Ferias: produtos consumidos pelos jovens quando estão em casa ficam mais caros

O estudo também revelou que tanto os alimentos quanto os serviços que são consumidos com maior intensidade no período de férias escolares
Shar
CidadeMarketing com informações da InfoMoney

Em época de férias, os filhos passam mais tempo em casa, o que reflete bastante no orçamento familiar. Segundo estudo da FGV (Fundação Getúlio Vargas) o consumo adicional dos jovens quando estão de férias --e em casa-- compromete, em média, 12% do orçamento. 

Além disso, o estudo também revelou que tanto os alimentos quanto os serviços que são consumidos com maior intensidade no período de férias escolares tiveram altas de preço acima da inflação medida pelo IPC/FGV.

A alta nos alimentos, em geral, foi de 6,60%. Já os serviços ficaram 5,61% mais caros.
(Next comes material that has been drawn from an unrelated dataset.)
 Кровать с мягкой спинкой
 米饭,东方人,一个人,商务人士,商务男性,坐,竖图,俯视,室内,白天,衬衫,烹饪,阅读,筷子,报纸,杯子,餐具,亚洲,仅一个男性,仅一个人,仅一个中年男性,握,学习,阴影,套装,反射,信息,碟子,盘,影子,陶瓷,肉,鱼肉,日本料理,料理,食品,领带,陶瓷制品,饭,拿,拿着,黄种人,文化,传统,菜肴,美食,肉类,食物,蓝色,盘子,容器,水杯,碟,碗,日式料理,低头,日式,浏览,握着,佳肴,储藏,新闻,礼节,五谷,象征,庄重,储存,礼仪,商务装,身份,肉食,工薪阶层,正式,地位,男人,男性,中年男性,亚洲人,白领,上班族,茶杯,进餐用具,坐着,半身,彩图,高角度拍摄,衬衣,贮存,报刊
A inflação nos últimos 12 meses, até junho de 2012, que foi de 5,37%.   Em relação aos alimentos, o grande destaque ficou com os refrigerantes e a água mineral, com alta de 9,36%. A batata frita e o sorvete picolé vieram na sequência, com alta de 8,13% e 8,10% respectivamente. 

Já nos serviços, a principal alta ficou com os hotéis, com crescimento de 11,72%, seguido pelos clubes de recreação (8,34%) e cinema (8,18%).

Veja o quanto os produtos ficaram mais caros:


Inflação acumulada
de jul/11 a jun/12
Alimentos  Variação
Biscoitos 3,54%
Bombons e chocolates 3,23%
Iogurte natural 5,62%
Sorvete 8,10%
Salsicha 6,76%
Refrigerantes e água mineral 9,36%
Sucos de frutas 5,54%
Polpa de fruta congelada 4,99%
Refresco de fruta em pó -1,05%
Milho de Pipoca 5,58%
Batata frita 8,13%
Fonte: levantamento feito pelo economista André Braz (IBRE/FGV)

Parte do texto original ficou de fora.